- Bram van Munster
- Site Admin
- Posts: 237
- Joined: Sat Aug 18, 2018 1:34 pm
- Location: the Netherlands
Keeping your home functional was a daily chore in the 1800's. Whether is was a sod-cabin, a log-cabin, the basic tasks were pretty much the same. One of the most important things to have was wood.
Depending on the size of the house, you would need more than the fuel just to keep it warm, it was also used for light, cooking, baking, ashes were repurposed, and that was just the basics.
When there is no electricity, you're dependent on oil or fat for lights when the sun went down. Especially with homesteads that just started out, that meant you didn't have any, so people went to sleep when the sun went down, and got up "when the rooster got up".
Of course you needed animals to get the fat, and the homesteaders that didn't have livestock yet, simply had to hunt in order to keep the lights on in the house.
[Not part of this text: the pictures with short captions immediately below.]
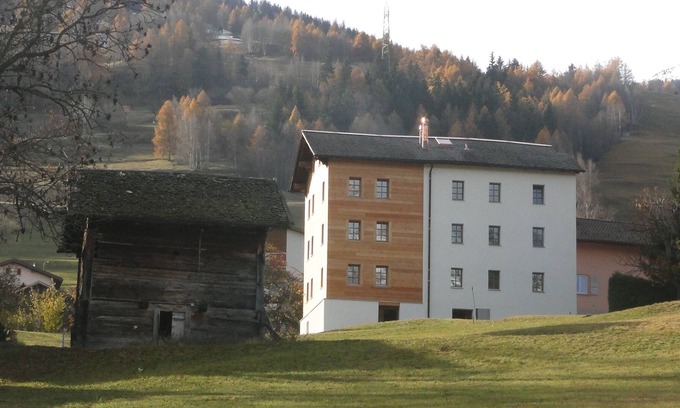 Unterbaech Apartment | Comfortable and zen, under roofs for a unique atmosphere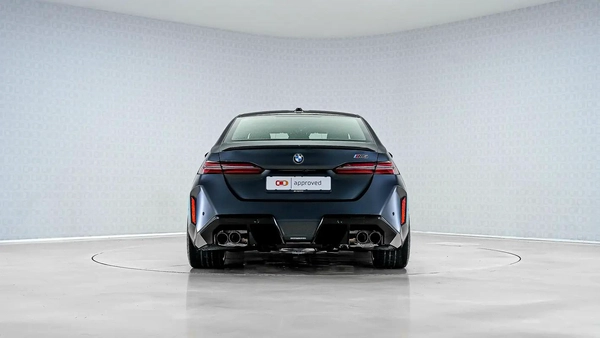 BMW M5 M5 Competition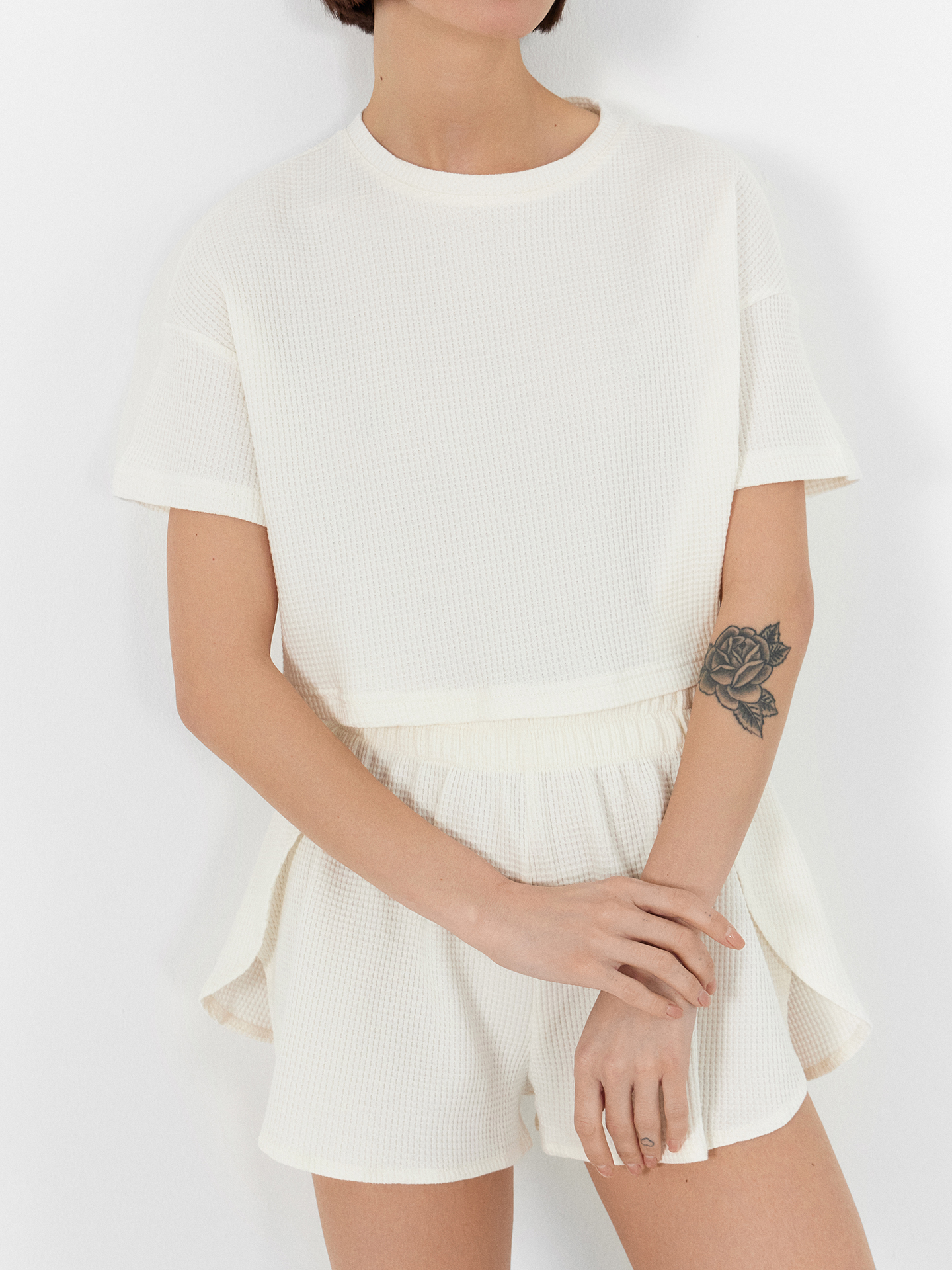 Пижама Mark Formelle (Марк Формэль) 592608/св.молочный - фото 5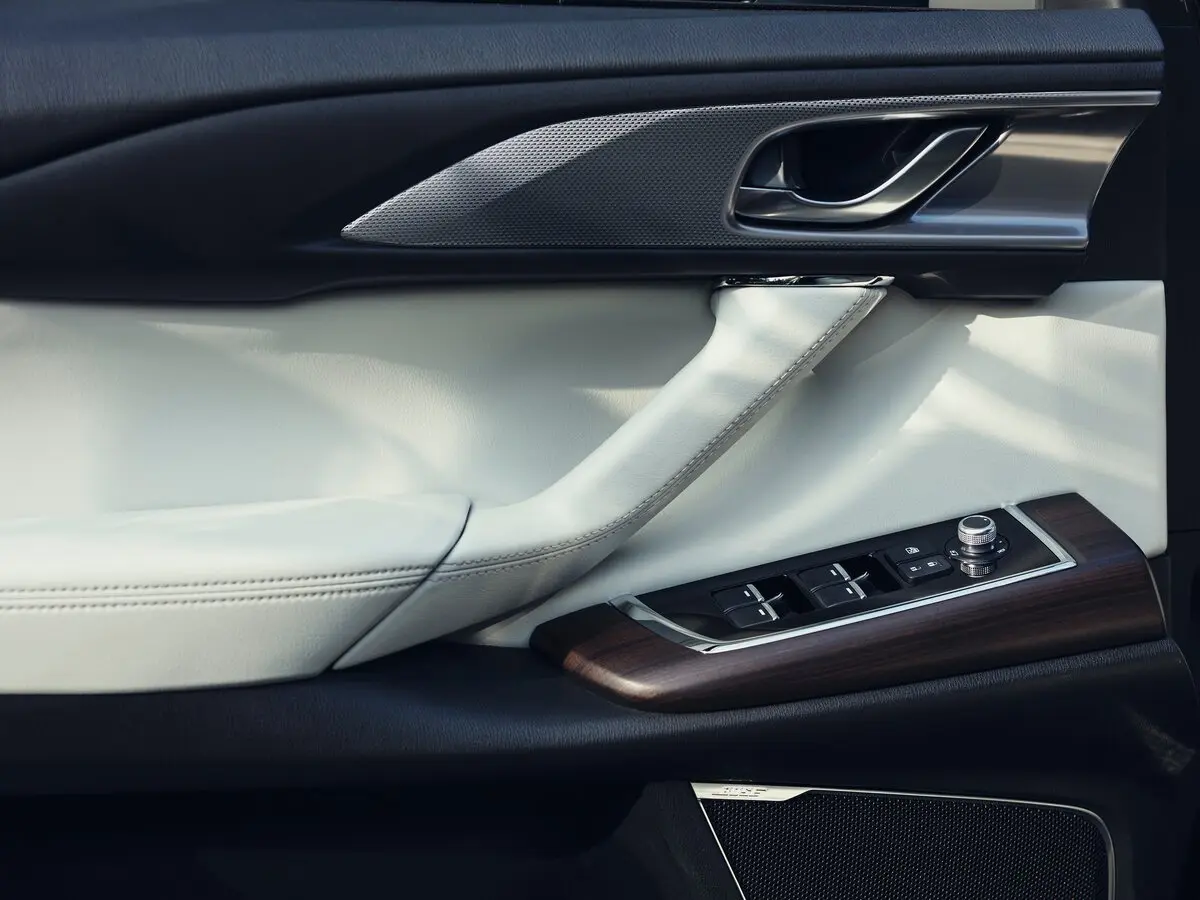 Mazda CX-9 II Рестайлинг Внедорожник 5 дв. — сүрөт 10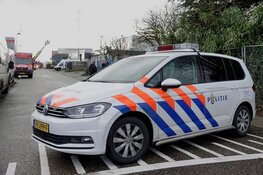 Grote brand bij bedrijfspand Zaandam
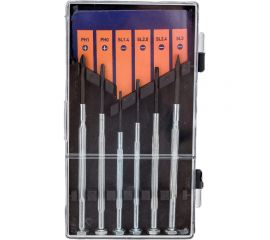 Набор отверток для точных работ Park 6 шт 100248 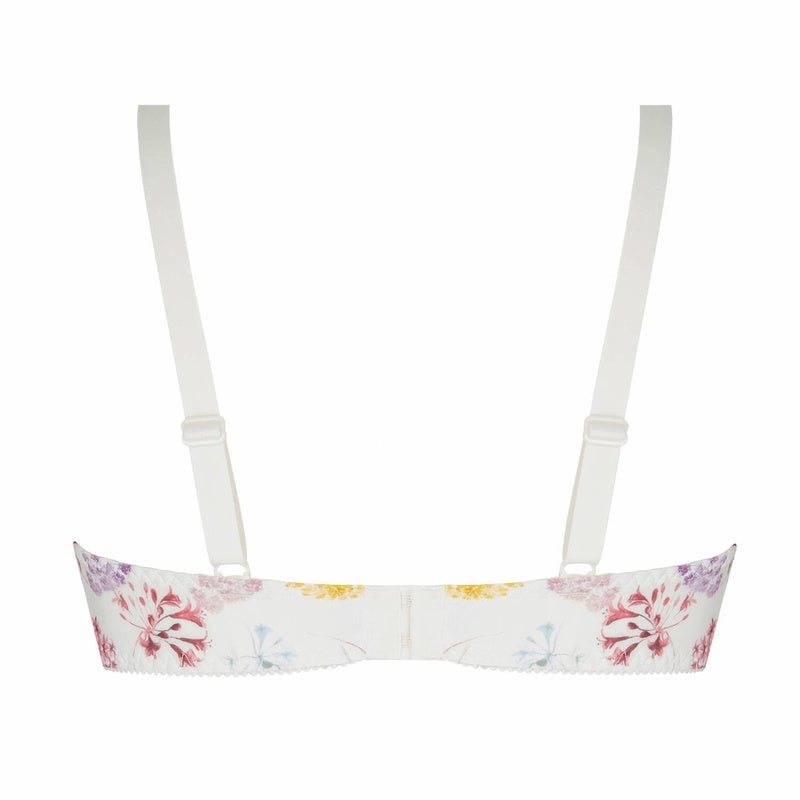 Sutiã plus size sem fio Souffle Fleuri Souffle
Every land dwelling animal has at least a bit of fat, and of course meat to eat. Preserving the meat often meant you had to smoke it, as salt was an expensive commodity inlands. That meant having to have more wood and of course a smokehouse.
In essence, it was a survival situation that revolved around the stove. Heating up the iron, cooking, baking, making tea or coffee, things that made the house happy basically, just could not be done without the woodstove.
How many other uses can you think up for the woodstove?